Today is National Book Lover’s Day, and it feels only right to express my love for the amazing authors who have captured my heart in the pages of their books.
I’ve told this story in the past, but it bears repeating on this day. After graduating with my Master’s in English. I ran from books. I loved my program, but it killed my basic enjoyment for reading because it required I read certain books while also analyzing the details for a deeper message tied into literary theory. In my Master’s program, this worked. In the real world, it felt onerous and exacting. Add to that my job: I teach Freshman Composition (and its former remedial partners), and I spent hours a day reading and grading students’ writing. I didn’t want to read words on a page, so I focused on images on the screen…until my soul felt dry. In December of 2017, I remembered how I LOVED reading YA romance as a teen.
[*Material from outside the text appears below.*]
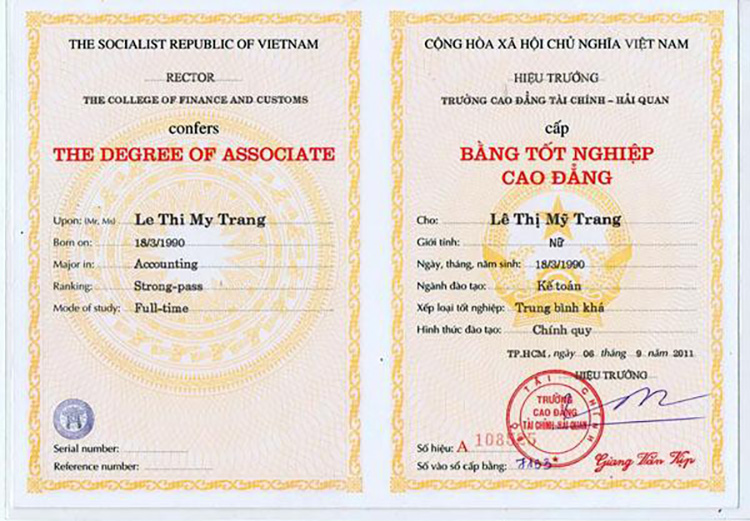 làm bằng cao đẳng bình dương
How it was the last time I felt like reading was an outlet for my hyperactive, overthinking brain to rest. Therefore, I leaped feet first into E.L. James’s 50 Shades series to check out the hype. I realized quickly that, while I appreciated James’s storytelling, the act of reading for enjoyment, to be lost in the pages of a book no matter the issues with the story, was my first love. So I dove into my Kindle, into KU, into anything I could get my hands on via Amazon, and I haven’t retreated.
Instead, I became a romance blogger/reviewer in September 2018 when I posted my first blog post. I have found that some of that analyzing and writing I did in my undergrad and graduate programs needed expression too. However, I don’t feel the pressure to perform like I did in that program. It’s important for me to write reviews that are somewhat elevated for this genre because it feels like it shows the world beyond our community the importance of this genre for women in terms of agency and authority and equity. Men are also included in this battle, so anything I can do to further this fight, I will do it.
I have so many authors who have challenged me, entertained me, wrecked me, and embraced me. There are readers (and authors too) in this community who have felt kindred from the start. I had no idea when I read Fifty Shades of Grey in December 2017 that I would fall like Alice down the rabbit hole into a world where people, in general, both authors and readers, include you and make you feel apart of something bigger than yourself.
So…on this National Book Lover’s Day, thank you to every author I’ve read thus far, who has also connected with me through social media or who pushes a quick like in acknowledgment of anything I’ve shared for them. Thank you for spilling your souls on the page through the eloquence of your words. You have touched my heart so many times that it feels more alive than it has in years. Thank you for using your experiences and insights to act as both a magnifying glass to the human condition and a mirror to my own life. Your writing shows the power of the written word to connect large swaths of readers from different cultures, races, sexes, and experiences. So…thank you!